Leistungsgruppen bilden

Bill Weiss (The Ohio State Universität) forderte dazu auf, die Kuhherde in Fütterungsgruppen aufzuteilen. Die Einteilung sollte dabei aber nicht aufgrund der absoluten Milchleistung erfolgen, sondern anhand der Standardabweichung. Bei der Standardabweichung (SD) handelt es sich um einen statistischen Kennwert, der die Streuung (Verteilung) von Daten beschreibt. Der Wert wird von den meisten Herdenmanagement-Programmen ausgewiesen oder kann auch mit einer Tabellenkalkulations-Software wie z.B. Excel berechnet werden. Dieses Vorgehen sei erforderlich, um beispielsweise eine an die Milchleistung angepasste Bakterienproteinmenge (MP) erfüttern zu können, ohne den Proteingehalt in der Futterration unnötig in die Höhe zu schrauben.

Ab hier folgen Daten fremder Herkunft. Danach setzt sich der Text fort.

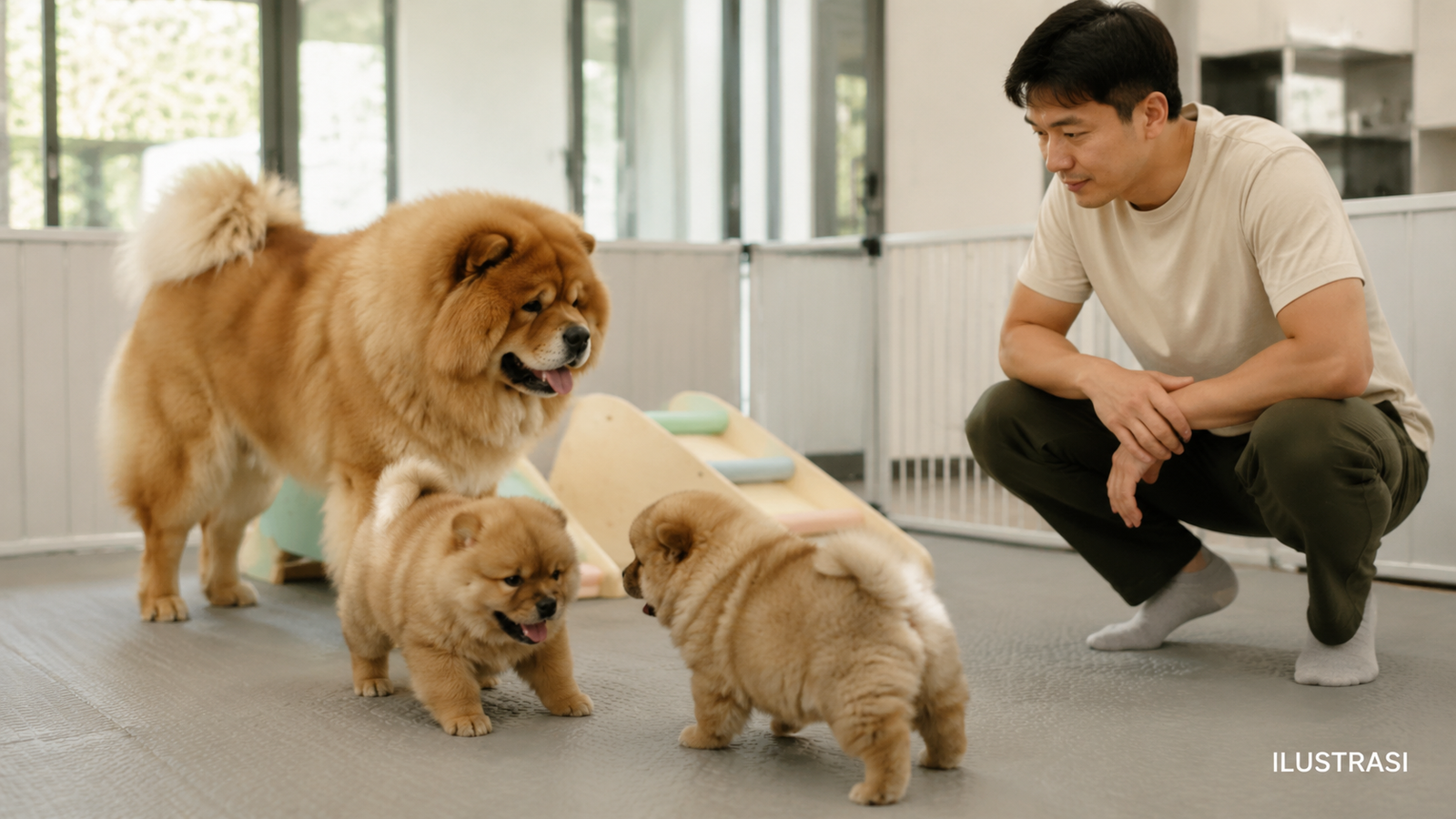 Cara Memilih Anak Chow Chow yang Sehat: 12 Hal yang Harus Diperiksa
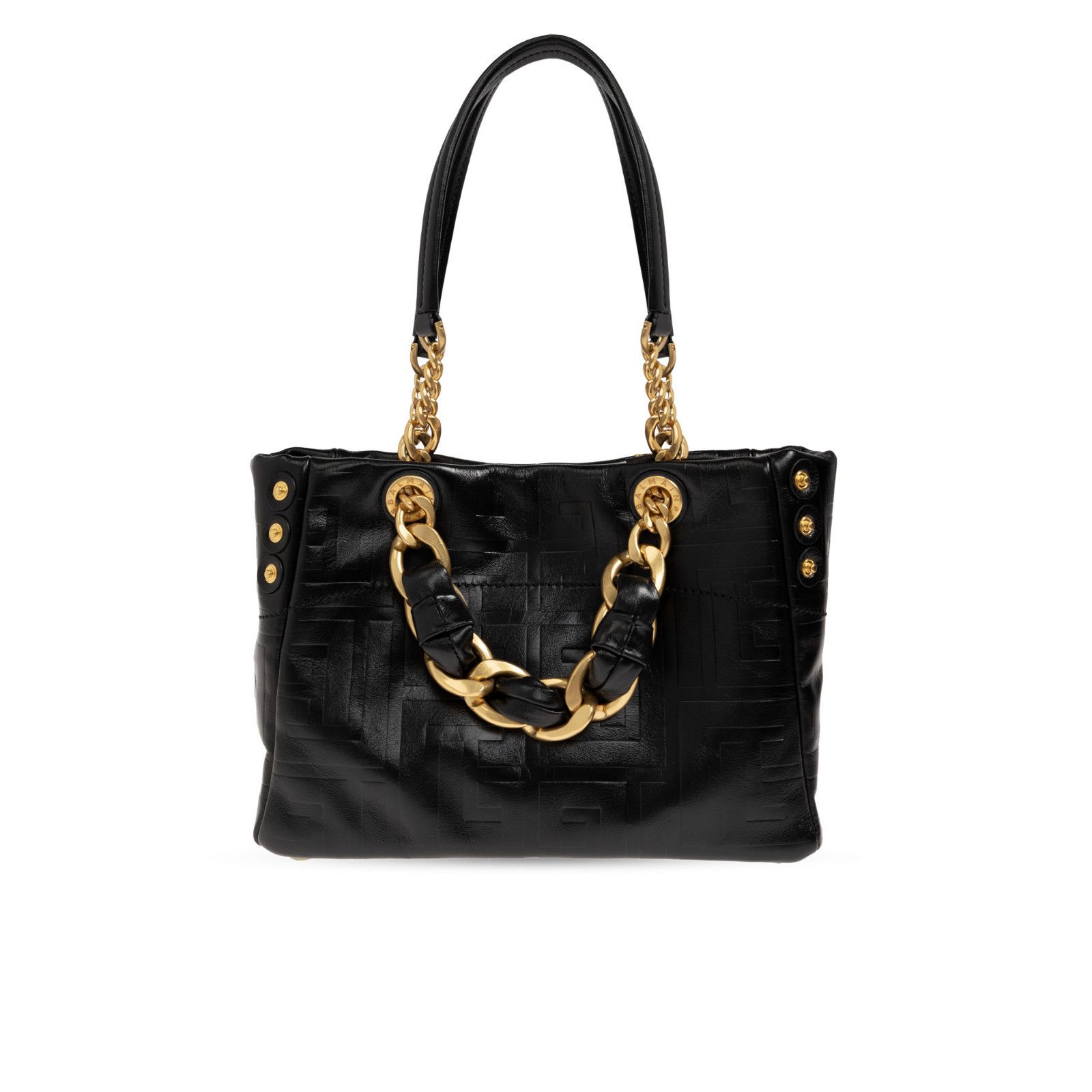 Balmain BALMAIN 1945 Soft Small Black Shoulder Bag New & Authentic Size ONE SIZE - 2 Thumbnail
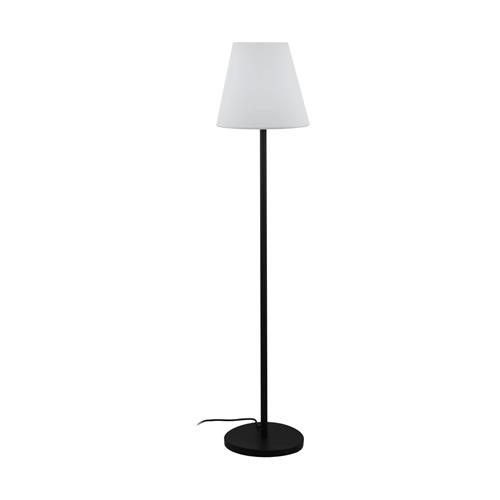 Alghera Black & White IP44 Outdoor Floor Lamp 900296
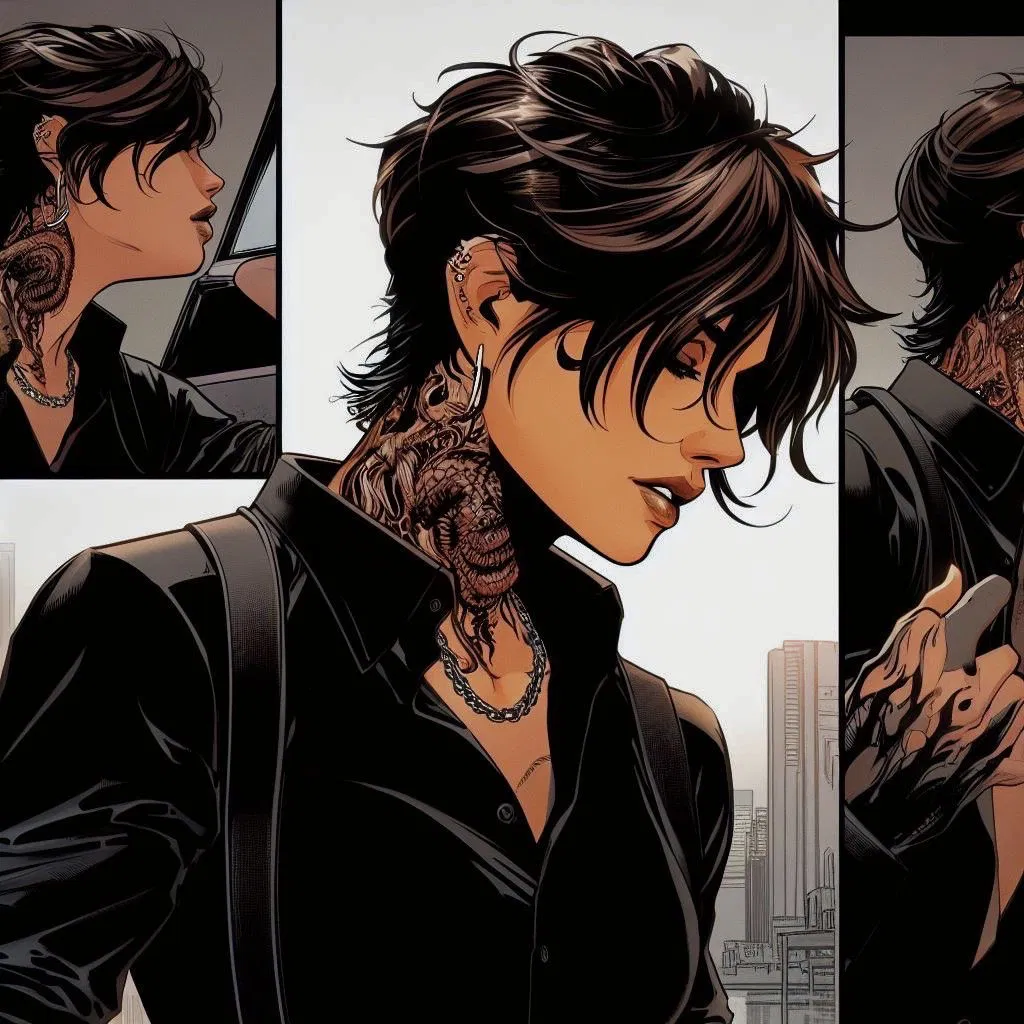 Avatar of Ruby Davis || butch lesbian 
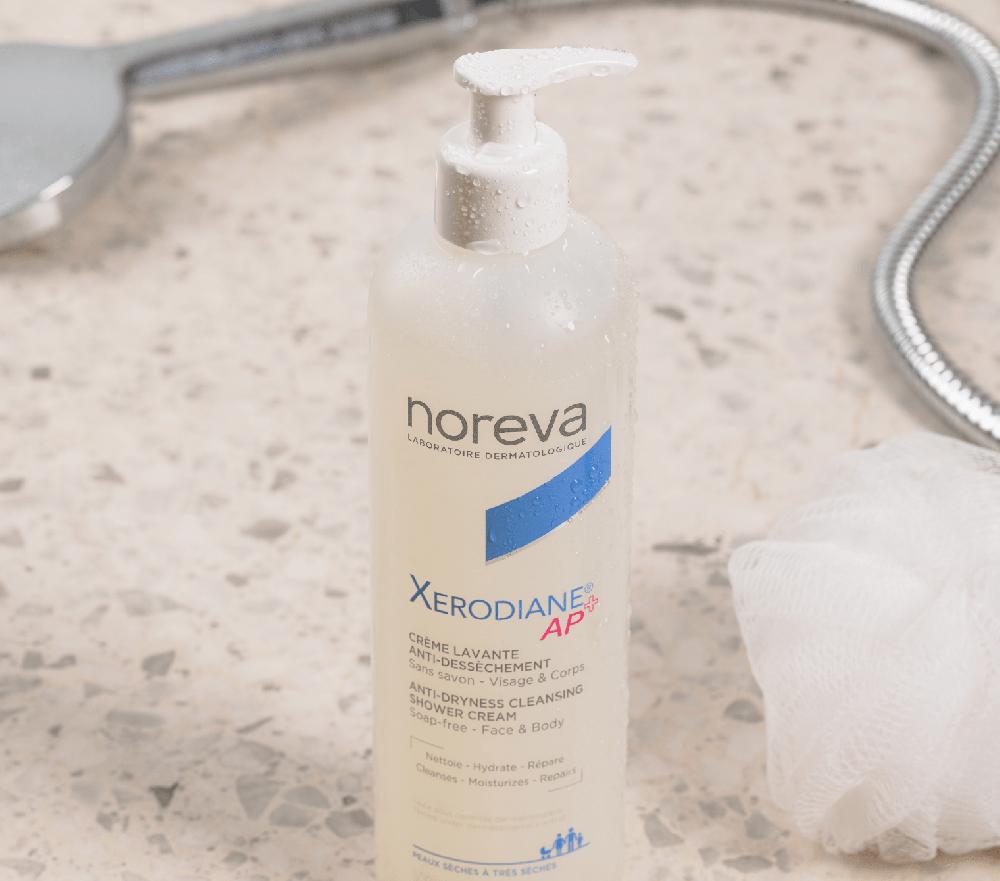noreva Crème lavante anti-dessèchement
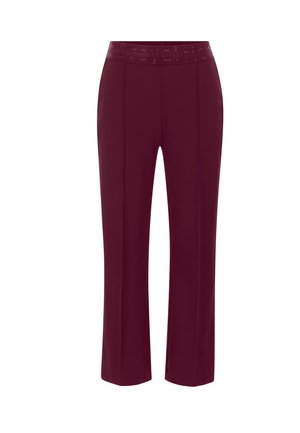 Rich & Royal Trousers - ruby glow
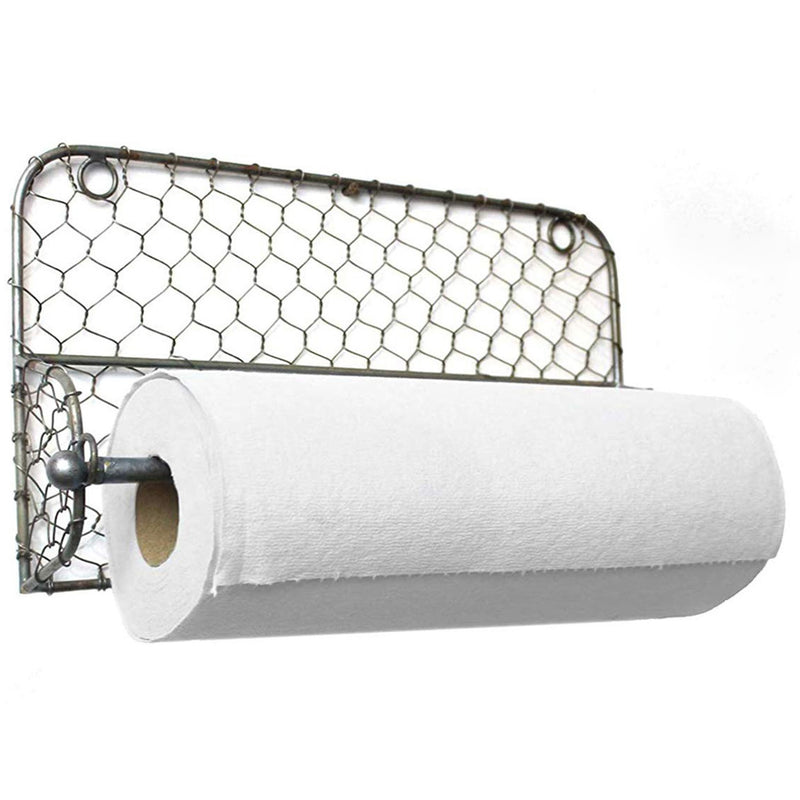 IR 1072 - Galvanized Paper Towel Holder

In der Praxis entspricht eine Standardabweichung in etwa 6,2 kg Milch. Das bedeutet, dass in einer Herde mit einer Durchschnittsleistung von 35 kg Milch die Ration auf eine Bakterienproteinmenge von rund 41 kg Milch kalkuliert werden muss (35 kg + 1 SD (6,2 kg)), um die leistungsstarken Kühe bedarfsgerecht versorgen zu können. Sinnvoller ist es laut Weiss, die Herde in drei Futtergruppen aufzuteilen:
  • Gruppe 1: 27 kg Milch – Protein für 29,5 kg Milch
  • Gruppe 2: 35 kg Milch – Protein für 37,2 kg Milch
  • Gruppe 3: 41 kg Milch – Protein für 47,0 kg Milch

Während die Ration ohne Leistungsgruppen für 40 kg Milch ausgelegt werden müsste, um möglichst viele leistungsstarke Kühe ausreichend versorgen zu können, könnte bei den genannten drei Leistungsgruppen die Nährstoffversorgung auf rechnerisch durchschnittlich 36,7 kg Milch zurückgenommen und somit teures Eiweiß eingespart werden!